> _Stored items_:
◇ ◇ ◇ ◇ ◇ ◇ ◇
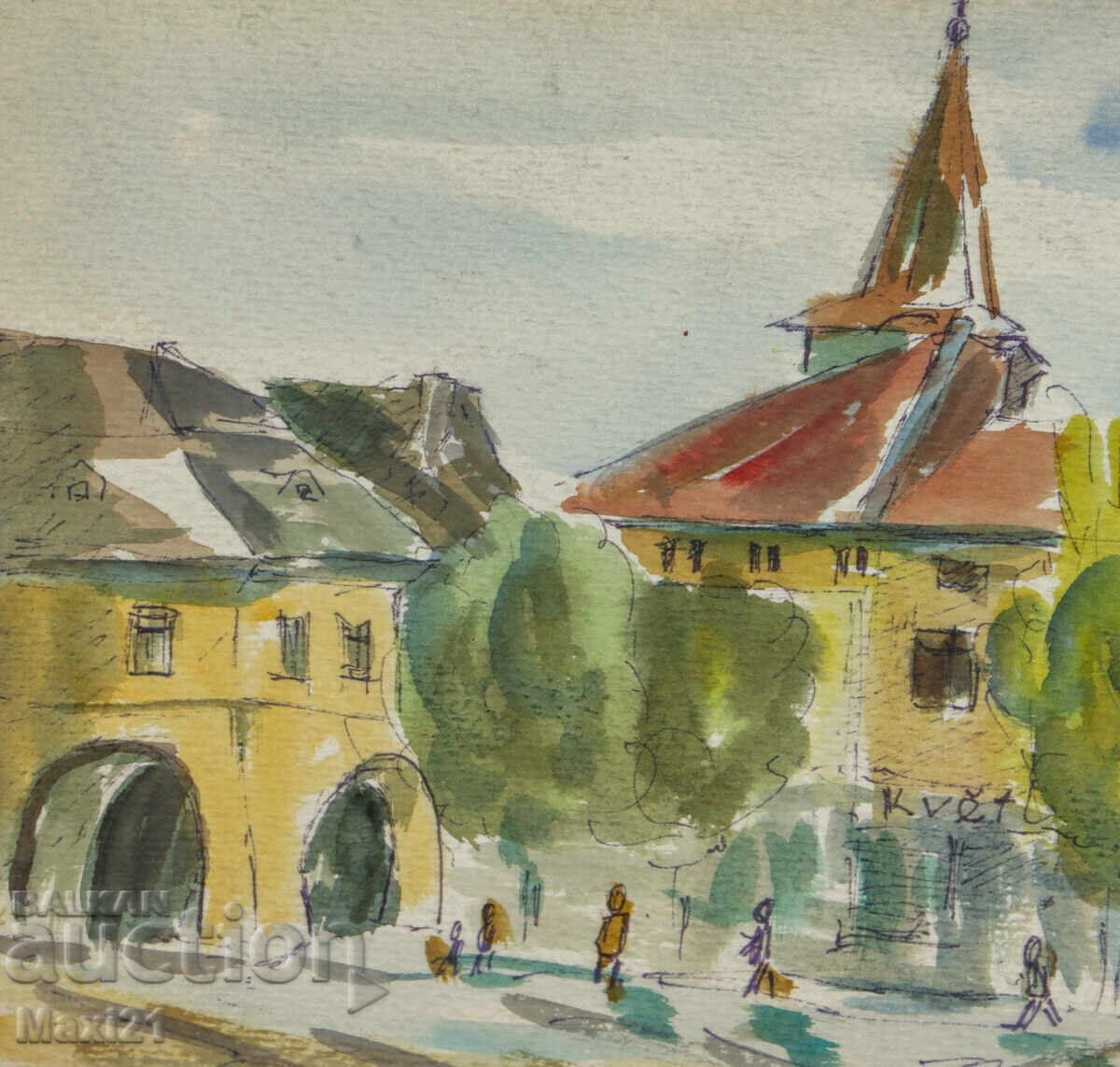 Livrarea Tablou peisaj acuarelă piață urbană 1987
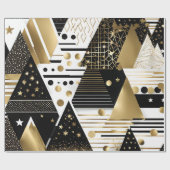 抽象芸術金ゴールドと黒い三角形のラッピング紙 ラッピングペーパー (フラット)
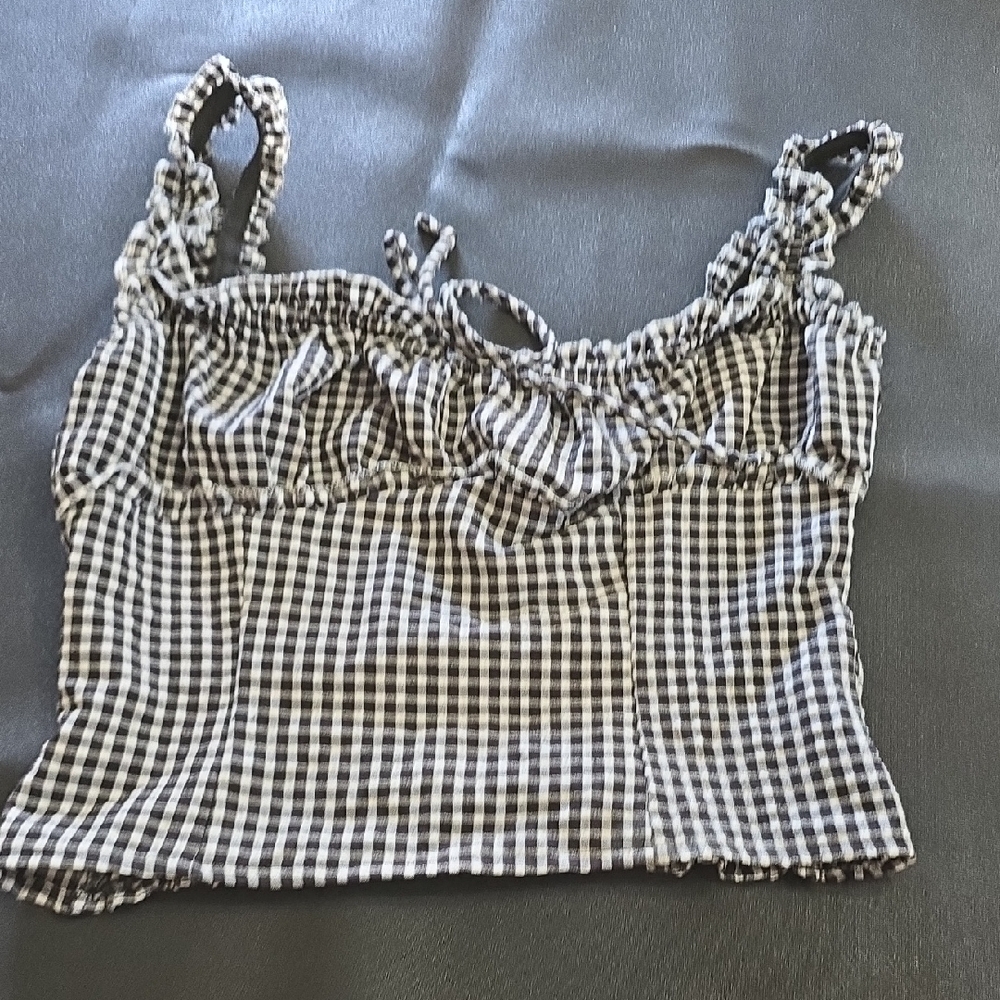 Sienna Sky Black and White Checkered Crop Top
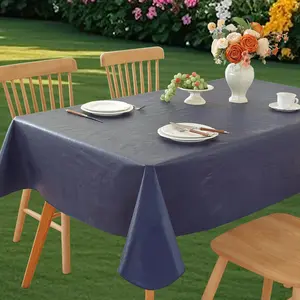 Wondwrla Rectangle Tablecloth, Vinyl Tablecloths with Flannel Backing, Waterproof Wipeable Oil-, Table Cloth for Dining,, Camping, Indoor and (Dark Blue, 52" x 70")
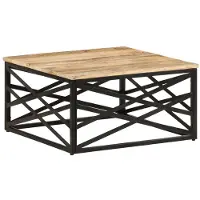 Syfax Mesa de centro de madera maciza de mango 68x68x35 cm
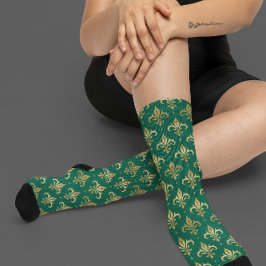 Goldfleur-de-lis-nahtloses Muster auf grün Socken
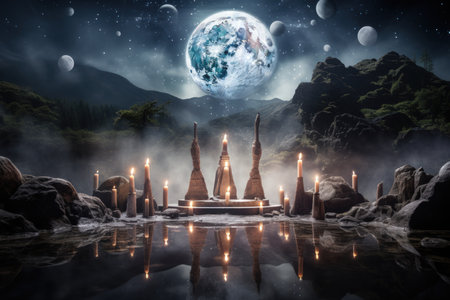 Harmonious singing stones, resonating with celestial melodies when struck - Generative AIの素材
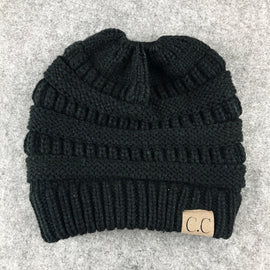 CC Letter Ponytail Cap Knitting Hat for Ladies, Black, Grey, Magenta, Black+Grey, Red, Baby Blue, White, Wine Red, Brown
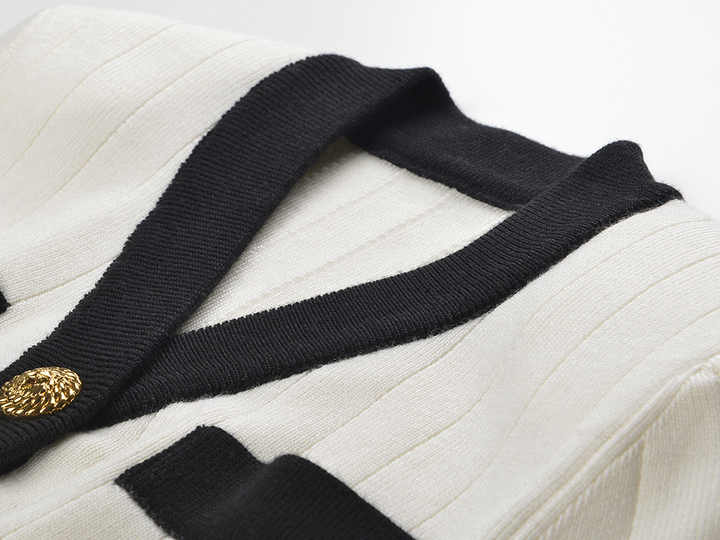 Classic Fitted Ribbed Cardigan - White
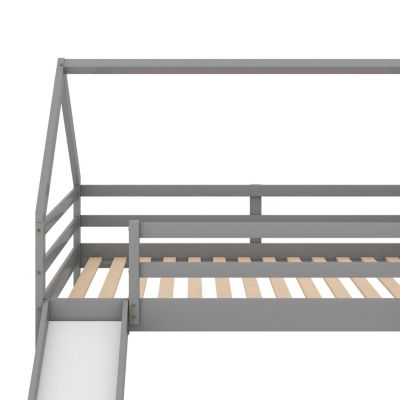 Streamdale Twin Size Bunk House Bed With Slide And Ladder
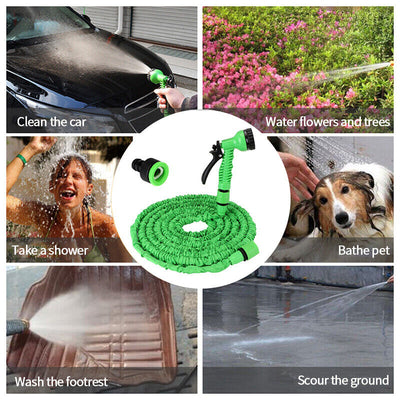 Expanding Expandable Flexible Garden Water Hose w Spray Nozzle 25, 50, for cleaning cars, watering plants, bathing pets.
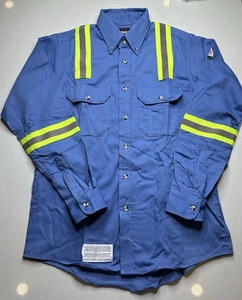 NEW Bulwark FR Enhanced Visibility Vis Uniform Shirt Reflective Size M Blue - Picture 1 of 8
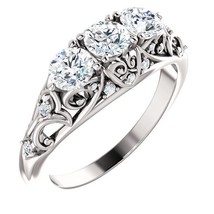 Authenticity Guarantee 
Platinum 1 CTW Diamond Vintage Design Three Stone Ann... - £4,466.03 GBP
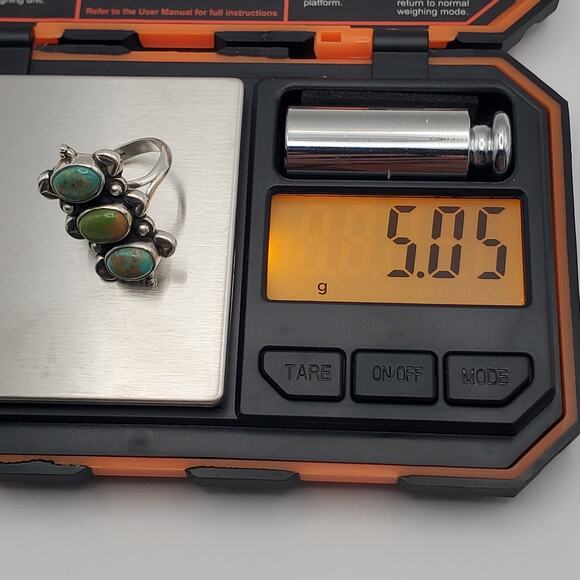 925 Sterling Silver Green Turquoise Trilogy Artisan Ring Size 6 - Picture 9 of 9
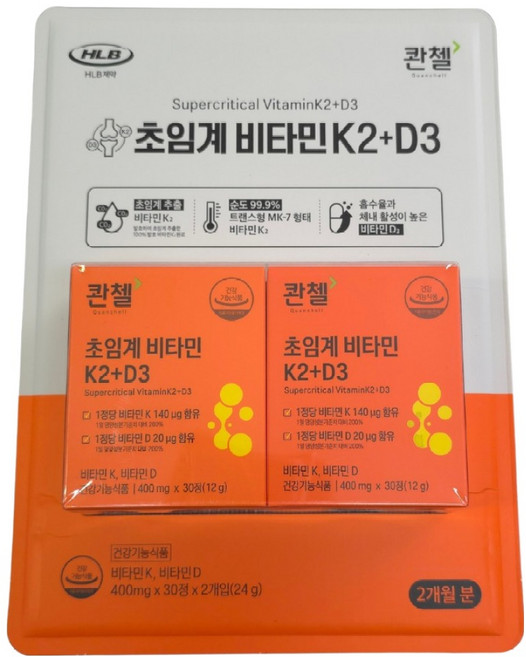 quanchell 超臨界 維他命 K2+D3 12g x 2入, 1個, 60錠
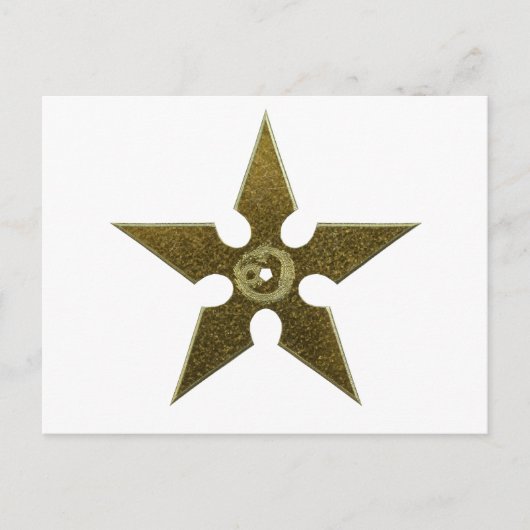 金ゴールド手裏剣と金ゴールド竜 ポストカード (正面)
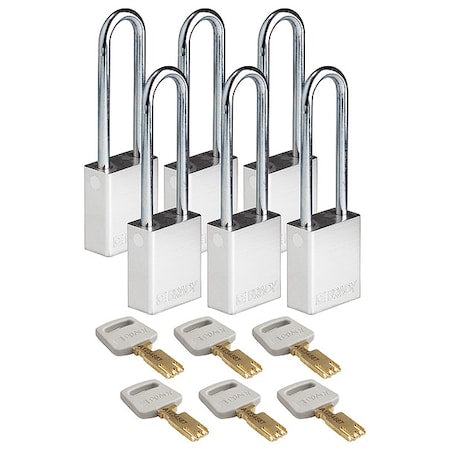 Brady ALU-SLV-76ST-KA6PK - Lockout Padlock, Keyed Alike, Aluminum, Silver, 3 in Shackle Height, 1 1/2 in Body Width, 6 PK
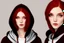 Placeholder: A sassy beautiful woman with dark brown eyes and shoulder length red hair wearing a black hoodie. Realistic.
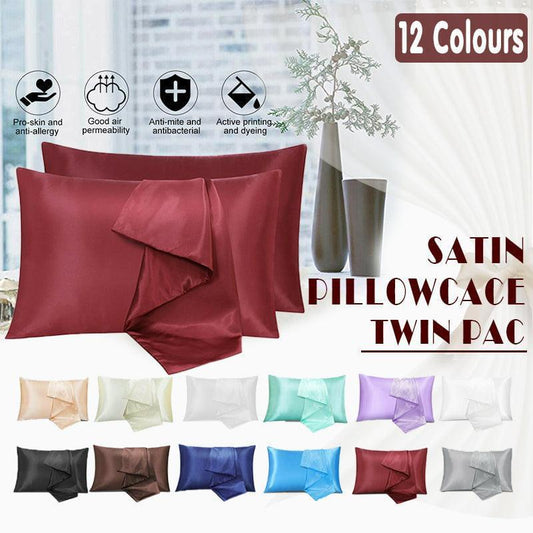 2 Pack Satin Pillowcases Luxury Soft Cushion Covers Bedroom Home Decor - Light Orange.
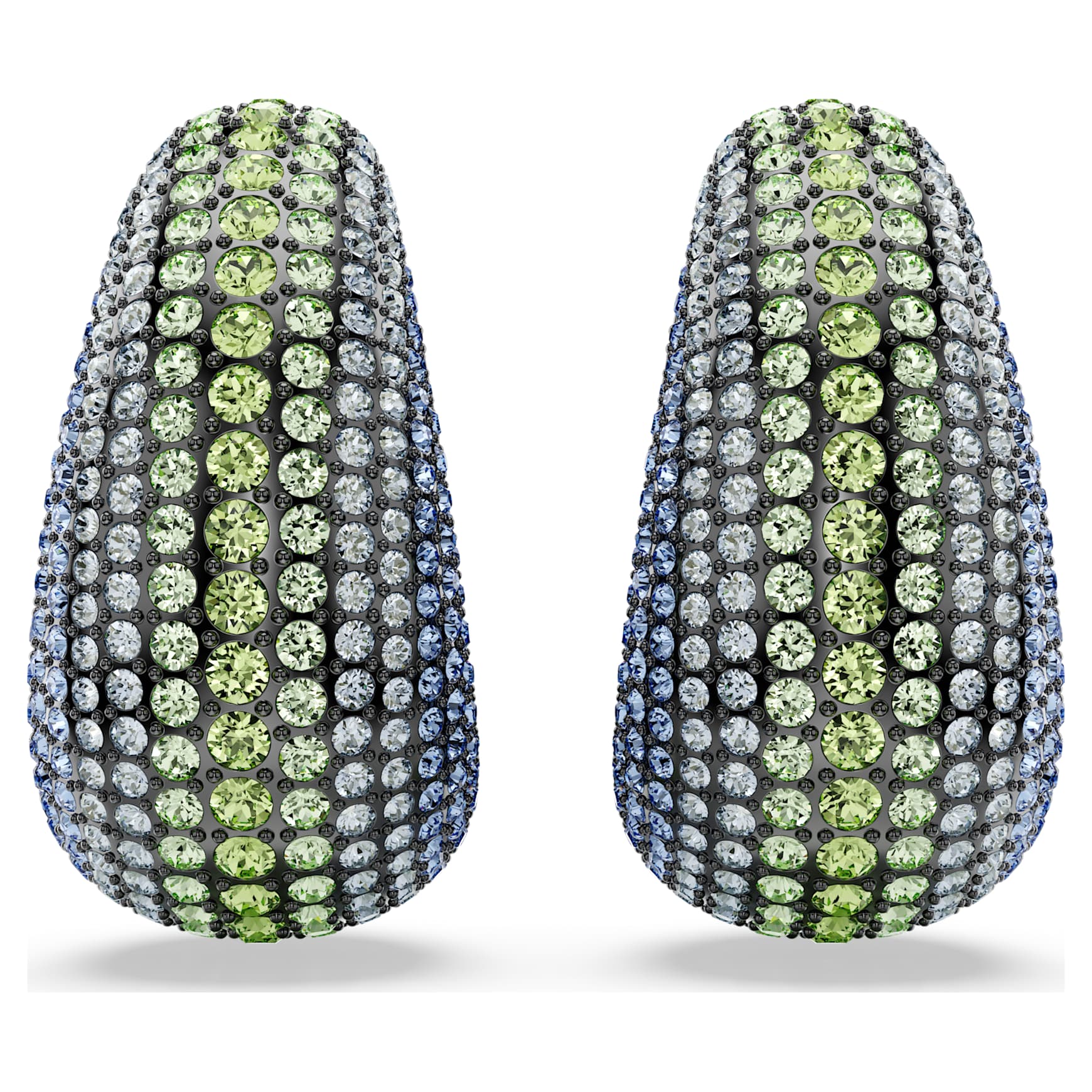Sublima clip earrings, Round cut, Large, Multicoloured, Ruthenium plated by SWAROVSKI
◇ ◇ ◇ ◇ ◇ ◇ ◇
> _Task brief_:
Above are some records. Reproduce the lines from the one with "抽象芸術金ゴールドと黒い三角形のラッピング紙 ラッピングペーパー (フラット)" down to the one with "Streamdale Twin Size", keeping both, and leave every picture out.

> _Output of the task_:
 抽象芸術金ゴールドと黒い三角形のラッピング紙 ラッピングペーパー (フラット)
 Sienna Sky Black and White Checkered Crop Top
 Wondwrla Rectangle Tablecloth, Vinyl Tablecloths with Flannel Backing, Waterproof Wipeable Oil-, Table Cloth for Dining,, Camping, Indoor and (Dark Blue, 52" x 70")
 Syfax Mesa de centro de madera maciza de mango 68x68x35 cm
 Goldfleur-de-lis-nahtloses Muster auf grün Socken
 Harmonious singing stones, resonating with celestial melodies when struck - Generative AIの素材
 CC Letter Ponytail Cap Knitting Hat for Ladies, Black, Grey, Magenta, Black+Grey, Red, Baby Blue, White, Wine Red, Brown
 Classic Fitted Ribbed Cardigan - White
 Streamdale Twin Size Bunk House Bed With Slide And Ladder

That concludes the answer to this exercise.